MÜRSELAT 38 / 40 |
هَذَا
يَوْمُ
الْفَصْلِ
جَمَعْنَاكُمْ
وَالْأَوَّلِينَ
{38} فَإِن
كَانَ لَكُمْ
كَيْدٌ
فَكِيدُونِ {39} وَيْلٌ
يَوْمَئِذٍ
لِّلْمُكَذِّبِينَ
{40} |
38. Bu
hüküm verip, ayırdetme günüdür. Sizi de, evvelkileri de toplamışızdır.
39. Eğer
bir hileniz var ise, hemen Bana bu hileyi yapın.
40.
Yalanlayanların o gün vay haline!
"Bu hüküm verip,
ayırdetme günüdür." Yani onlara: İşte bugün, insanlar arasında hüküm
verilecek ve böylelikle kimin haklı, kimin haksız olduğu açıkça ortaya
çıkarılacak bir gündür.
"Sizi de,
evvelkileri de toplamışızdır" buyruğu hakkında İbn Abbas dedi ki: Muhammed
(s.a.v.)'i yalanlayanlar ile ondan önceki peygamberleri yalanlayanları bir
araya getirmiş olacaktır. Bunu, İbn Abbas'tan ed-Dahhak rivayet etmiştir.
"Eğer bir hileniz
var ise" helak edilmekten kurtuluş çareniz varsa "hemen Bana bu
hileyi yapın." Kendi lehinize bu hileyi (çareyi) uygulayın ve Bana karşı
güç sahibi olun. Fakat buna asla imkanı bulamayacaksınız.
Şöyle de açıklanmıştır;
"Eğer bir hileniz var ise" savaşabilecek gücünüz varsa "hemen
Bana bu hileyi yapın" Benimle savaşın. ed-Dahhak, İbn Abbass'tan böyle
rivayet etmiştir. Dedi ki: Sizler dünyada iken Muhammed (s.a.v.) karşı
savaşarak Bana karşı da savaş veriyordunuz.
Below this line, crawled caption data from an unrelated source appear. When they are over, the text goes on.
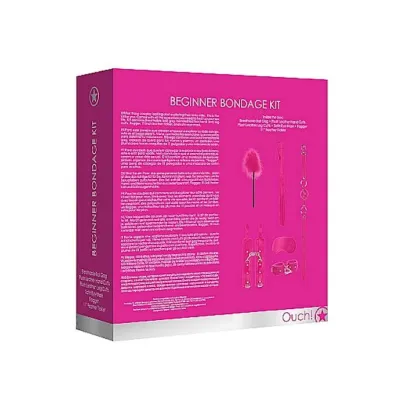 Beginners Bondage Kit Pink Pink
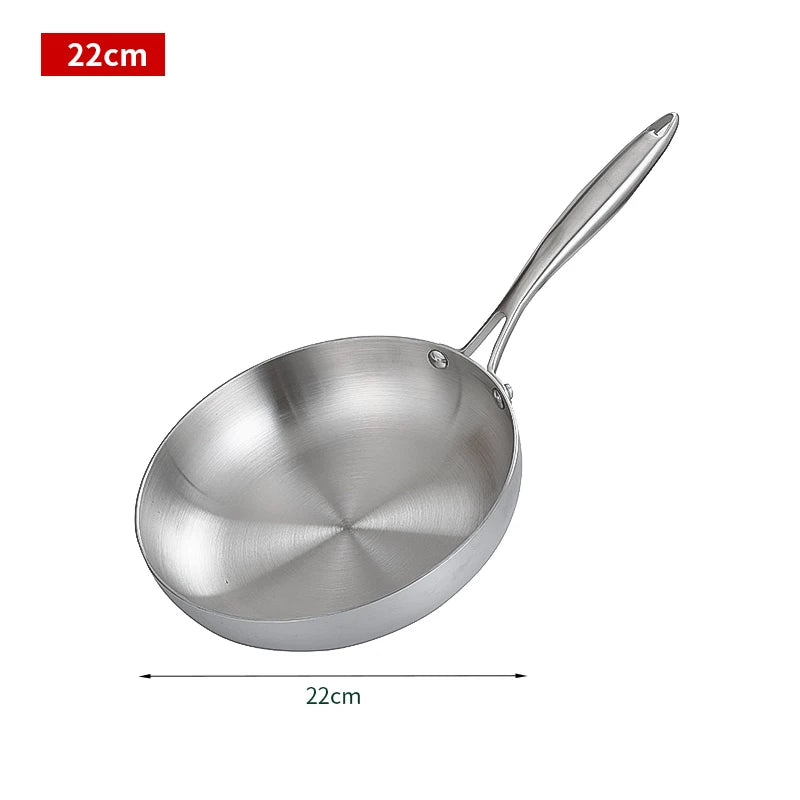 Poêle inox pour plat signature - 22cm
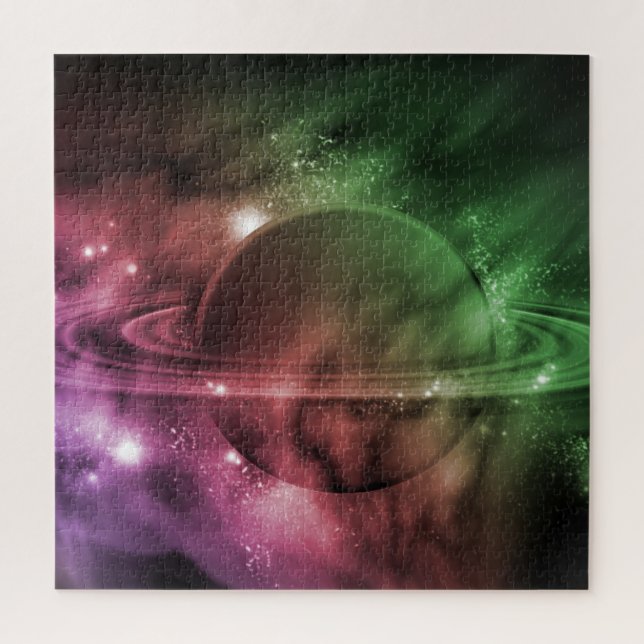 Quebra-cabeça Aura Saturn (Vertical)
Haydi bugün Bana karşı savaşınız.
Bir diğer açıklama da
şöyledir: Sizler dünyada iken isyanlar ediyordunuz.
Şimdi ise onları
yapamayacak duruma düştünüz, kendinizi savunamayacak hale geldiniz.
Şöyle de açıklanmıştır:
Bu, Peygamber (s.a.v.)'ın söylediği bir sözdür. O takdirde bu Hud (a.s)'ın:
"Artık hepiniz bana tuzak kurun. Bundan sonra bana bir mühlet de
vermeyin" (Hud, 55) şeklindeki sözlerine benzer.